Environment & Reproduce Steps
- Server Start Command
docker run -itd \
--name deepseek-v4-pro \
--device amd.com/gpu=all \
--device /dev/kfd \
--device /dev/dri \
--group-add=video \
--cap-add=SYS_PTRACE \
--privileged \
--security-opt seccomp=unconfined \
--ipc=host \
--network=host \
--ulimit memlock=-1 \
--ulimit stack=67108864 \
--entrypoint=/bin/bash \
-v /data/:/data/ \
-e ATOM_DISABLE_MMAP=true \
-e AITER_BF16_FP8_MOE_BOUND=0 \
-e ATOM_MOE_GU_ITLV=1 \
rocm/atom:rocm7.2.4_ubuntu24.04_py3.12_pytorch_release_2.10.0_atom0.1.3 \
-c "python -m atom.entrypoints.openai_server \
--model /data/DeepSeek-V4-Pro \
--kv_cache_dtype fp8 \
-tp 8 \
&>> /data/atom-log/vllm_deepseek_v4_pro.log 2>&1"
- Benchmark Command
python -m atom.benchmarks.benchmark_serving \
--model=/data/DeepSeek-V4-Pro \
--backend=vllm \
--base-url=http://localhost:8000 \
--dataset-name=random \
--random-input-len=8192 \
--random-output-len=1024 \
--random-range-ratio=0.8 \
--max-concurrency=4 \
--num-prompts=40 \
--trust-remote-code \
--num-warmups=8 \
--request-rate=inf \
--ignore-eos \
--save-result \
--percentile-metrics=ttft,tpot,itl,e2el \
--result-dir=. \
--result-filename=benchmark_result.json
Actual Results (atom0.1.3)
============ Serving Benchmark Result ============
Successful requests: 40
Benchmark duration (s): 1337.81
Total input tokens: 163098
Total generated tokens: 21612
Request throughput (req/s): 0.03
Output token throughput (tok/s): 16.15
Total Token throughput (tok/s): 138.07
---------------Time to First Token----------------
Mean TTFT (ms): 3683.35
Median TTFT (ms): 3114.96
P99 TTFT (ms): 10459.66
-----Time per Output Token (excl. 1st token)------
Mean TPOT (ms): 232.95
Median TPOT (ms): 231.82
P99 TPOT (ms): 255.16
---------------Inter-token Latency----------------
Mean ITL (ms): 233.59
Median ITL (ms): 221.04
P99 ITL (ms): 229.28
----------------End-to-end Latency----------------
Mean E2EL (ms): 129894.08
Median E2EL (ms): 123802.28
P99 E2EL (ms): 229624.88
==================================================
Metrics Comparison
| Metric |
Total Throughput(tok/s) |
Median TTFT (ms) |
Median TPOT (ms) |
| Expected (Dashboard) |
1868.5 |
869.8 |
15.68 |
| Actual |
138.07 |
3114 |
231.82 |
Additional Observations (Garbled Output on Newer Images)

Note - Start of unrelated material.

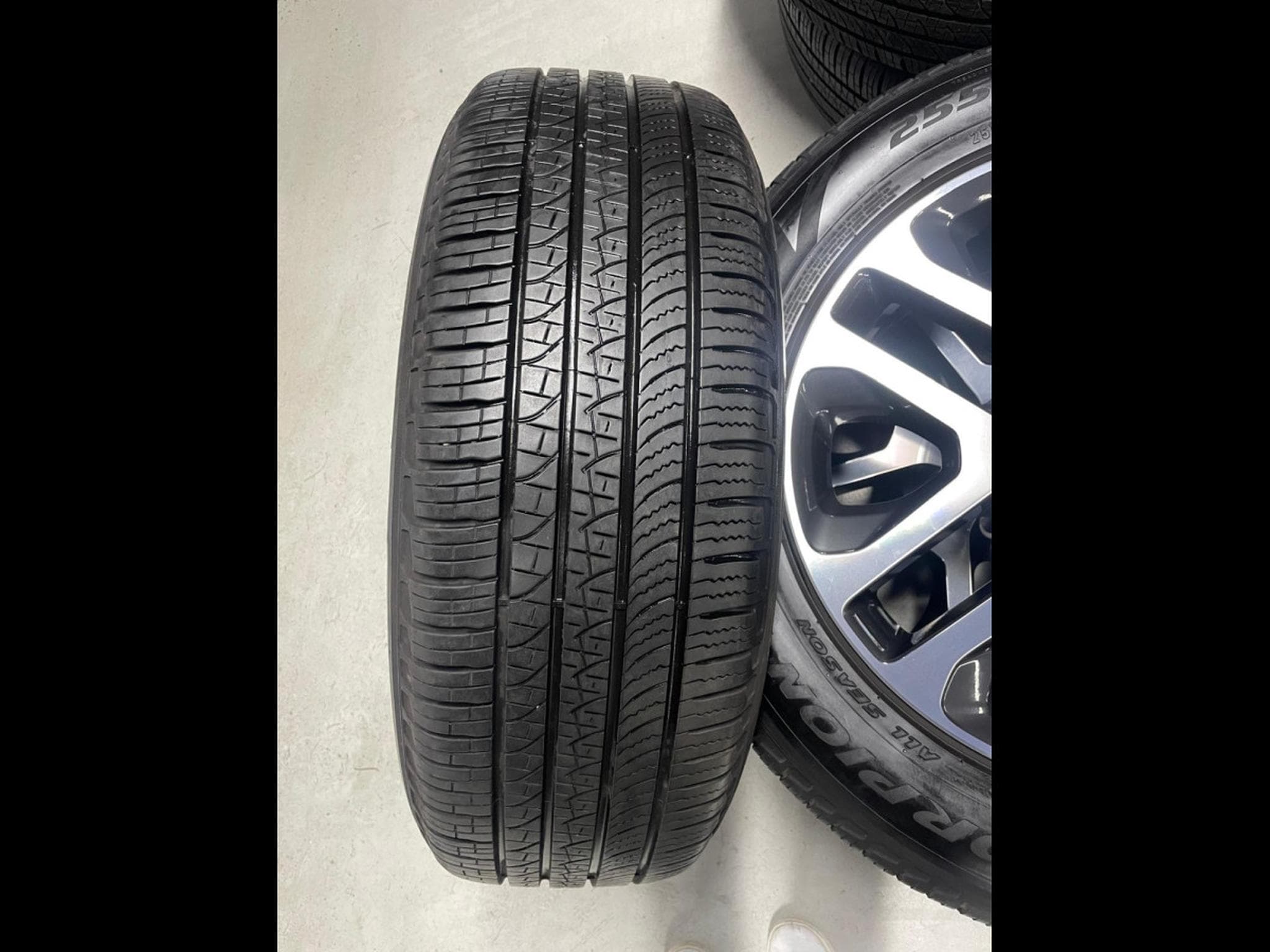 Jantes alu + Pneus t – 20" - Photo 3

Furthermore, when testing the same configuration across several newer image versions, the model returns garbled text/nonsense outputs. Affected images include:
- rocm/atom:rocm7.2.4_ubuntu24.04_py3.12_pytorch_release_2.10.0_atom0.1.4
- rocm/atom-dev:nightly_202606201539
- rocm/atom:rocm7.2.4_ubuntu24.04_py3.12_pytorch_release_2.10.0_atom0.1.4_20260612
Are there any missing environment variables, hardware pre-configurations (e.g., RCCL/NUMA tuning), or model-specific flags needed to reproduce the dashboard performance and resolve the text corruption issues?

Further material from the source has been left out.